**Caption-style text data**

╭──

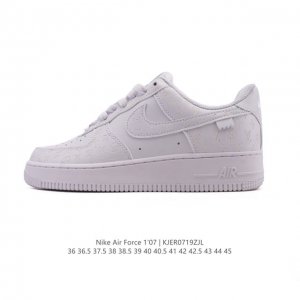 公司级 耐克 Nike Air Force 1 '07 Low 空军一号含气垫 小白鞋 低帮百搭厚底增高休闲运动板鞋。柔软、弹性十足的缓震性能和出色的中底设计，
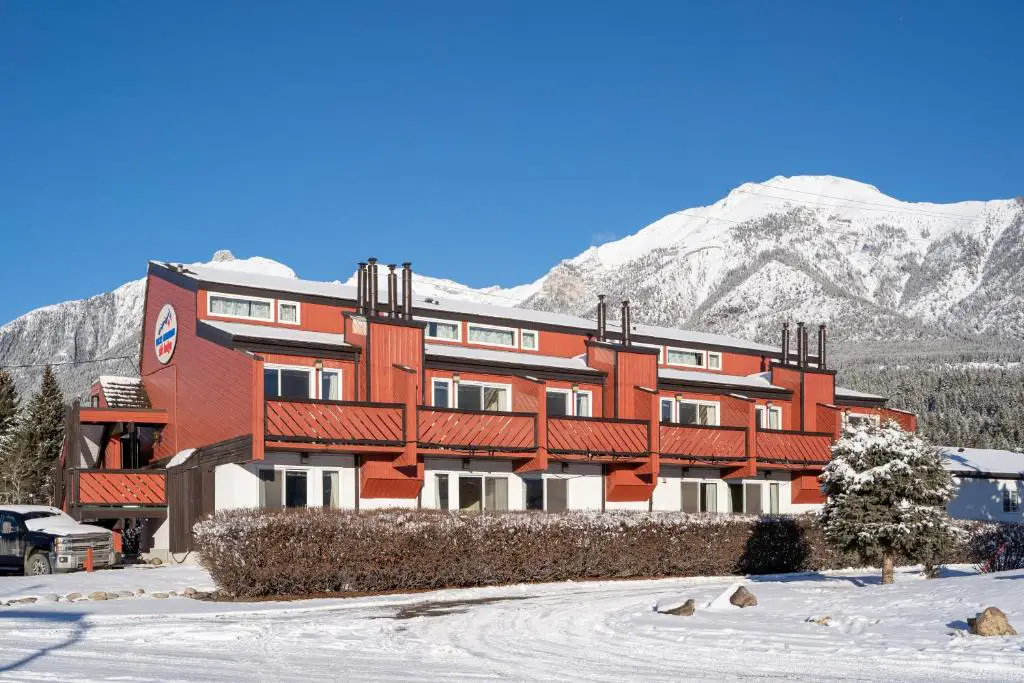 The Rocky Mountain Lodge - Hoteles en Canada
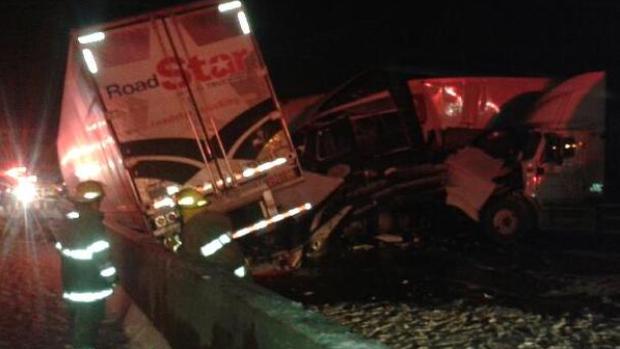 Traffic alert: 50-vehicle pileup on Highway 401 closes lanes near Trenton cbc.sh/WlV3vol #cbcOTT #OTTnews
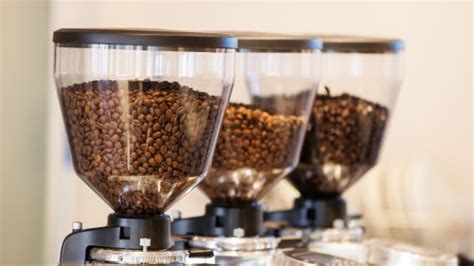 Why You Should Think Twice Before Leaving Coffee Beans In A Hopper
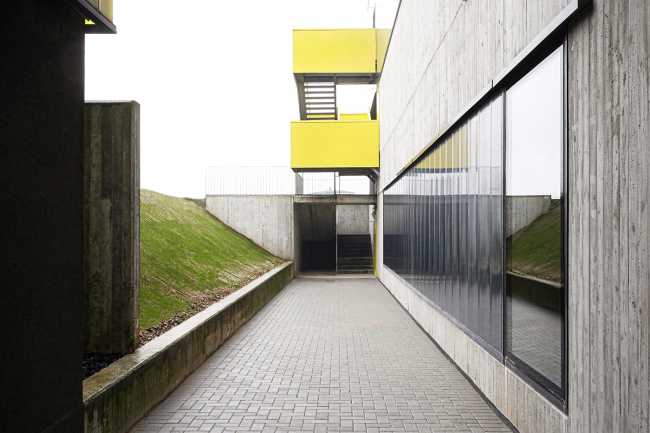 Renovation of School gym Zanella in Villafranca: color, light and high-performance materials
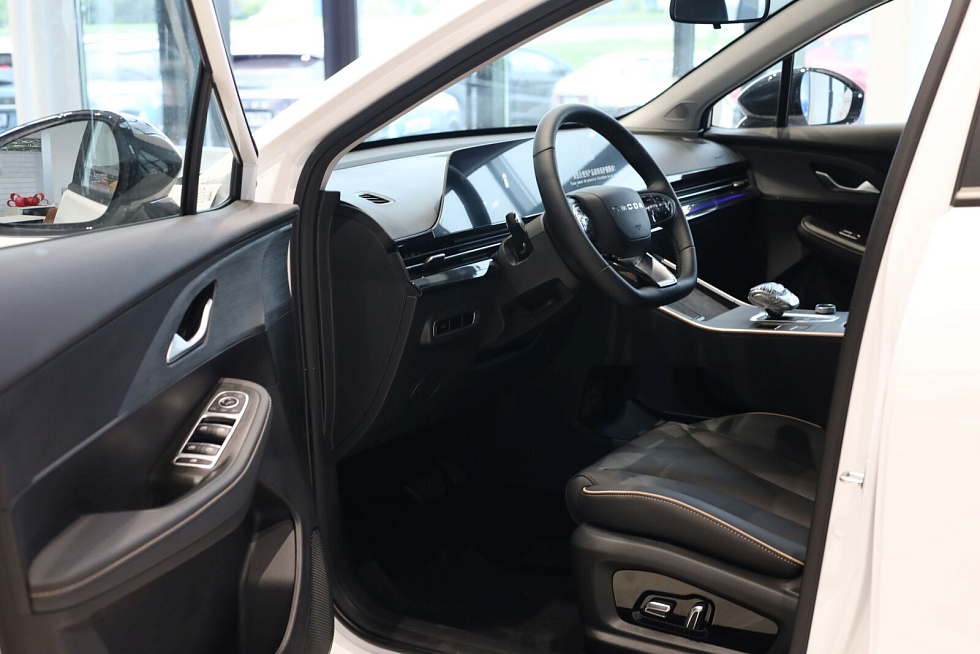 Omoda C5 Fun, белый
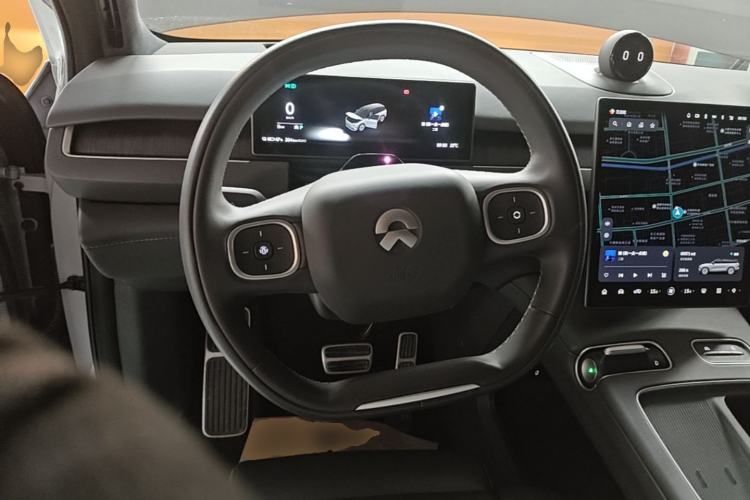 Used Nio ES8 2023 75 kWh Steering Wheel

╰──

Emit an exact copy of the lines from the line bearing "Omoda C5 Fun, белый" through the last line above, inclusive, and leave the images out.

 Omoda C5 Fun, белый
 Used Nio ES8 2023 75 kWh Steering Wheel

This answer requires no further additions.